The Audion is a vacuum tube device invented by Lee De Forest in 1906. The Audion is a three-element tube, generally known as a triode today, in which the flow of current from the filament to the plate was controlled by a third element, the grid. A small amount of power applied to the grid could control a much larger current flowing from the filament to the plate, allowing the Audion to amplify radio signals by placing the weak signal from the radio antenna on the grid, with a larger current from a battery between the filament and plate.
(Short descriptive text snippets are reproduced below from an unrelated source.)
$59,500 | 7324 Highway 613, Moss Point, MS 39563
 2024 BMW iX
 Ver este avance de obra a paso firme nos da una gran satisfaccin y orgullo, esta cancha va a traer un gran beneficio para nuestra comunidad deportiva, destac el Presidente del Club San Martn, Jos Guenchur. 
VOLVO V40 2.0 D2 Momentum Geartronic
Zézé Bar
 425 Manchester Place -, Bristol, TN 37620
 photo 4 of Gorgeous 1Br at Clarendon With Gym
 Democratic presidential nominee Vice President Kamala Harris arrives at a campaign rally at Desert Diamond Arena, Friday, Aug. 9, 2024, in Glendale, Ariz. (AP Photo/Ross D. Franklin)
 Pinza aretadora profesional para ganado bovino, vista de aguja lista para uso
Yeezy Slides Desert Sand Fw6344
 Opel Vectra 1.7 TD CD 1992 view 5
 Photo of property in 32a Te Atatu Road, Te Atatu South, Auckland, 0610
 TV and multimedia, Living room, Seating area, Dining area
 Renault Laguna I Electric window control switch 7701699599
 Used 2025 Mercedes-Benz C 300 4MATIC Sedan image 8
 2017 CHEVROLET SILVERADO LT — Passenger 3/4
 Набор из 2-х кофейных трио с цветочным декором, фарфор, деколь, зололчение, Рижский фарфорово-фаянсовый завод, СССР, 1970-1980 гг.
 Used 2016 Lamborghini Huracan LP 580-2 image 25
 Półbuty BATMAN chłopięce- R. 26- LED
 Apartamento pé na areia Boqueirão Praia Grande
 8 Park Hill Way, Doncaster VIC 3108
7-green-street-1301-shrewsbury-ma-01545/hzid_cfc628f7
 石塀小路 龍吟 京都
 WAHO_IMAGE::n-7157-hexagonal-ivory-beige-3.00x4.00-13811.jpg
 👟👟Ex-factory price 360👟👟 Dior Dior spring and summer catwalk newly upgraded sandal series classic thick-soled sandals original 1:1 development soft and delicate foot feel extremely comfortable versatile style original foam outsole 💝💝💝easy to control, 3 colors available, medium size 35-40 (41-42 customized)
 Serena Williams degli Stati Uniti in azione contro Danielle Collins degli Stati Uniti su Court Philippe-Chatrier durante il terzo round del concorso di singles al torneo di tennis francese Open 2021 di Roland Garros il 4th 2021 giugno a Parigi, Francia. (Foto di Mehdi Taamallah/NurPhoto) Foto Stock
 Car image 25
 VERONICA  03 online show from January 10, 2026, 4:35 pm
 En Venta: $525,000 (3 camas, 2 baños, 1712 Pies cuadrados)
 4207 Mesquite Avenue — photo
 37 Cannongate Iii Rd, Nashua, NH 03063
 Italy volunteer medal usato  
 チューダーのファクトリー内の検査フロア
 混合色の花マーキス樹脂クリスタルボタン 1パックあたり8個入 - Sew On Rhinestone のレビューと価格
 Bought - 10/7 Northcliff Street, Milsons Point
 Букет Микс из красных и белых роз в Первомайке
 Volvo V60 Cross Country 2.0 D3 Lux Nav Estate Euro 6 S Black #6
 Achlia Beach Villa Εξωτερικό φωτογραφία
The Audion made practical radio broadcasts a reality. Prior to its introduction radios had typically used semiconductor rectifiers (or detectors) which consisted of a small piece of galena crystal probed by a fine wire or "cat's whisker". They were unreliable; required frequent adjustment of the cat's whisker and offered no amplification. Such systems required the user to listen to the signal though tiny headphones with almost no volume. The Audion allowed the signal to be amplified to any desired level, typically by placing the output of one Audion into the grid of the next, eventually providing more than enough current to drive a full-sized speaker. By the 1920s such "tube radios" were a fixture of most western households, and remained so until the introduction of the transistor in the 1950s.

De Forest was granted a patent for the Audion on November 13, 1906. He continued to claim that he developed the Audion independently from John Ambrose Fleming's earlier research, and became a fixture at many radio-related patent disputes. De Forest was famous for saying that he "didn't know why it worked, it just did". In 1914 Edwin Armstrong published an explanation of the Audion, and when the two later faced each other in a dispute over the regeneration patent, Armstong was able to conclusively demonstrate De Forest still had no idea how it worked.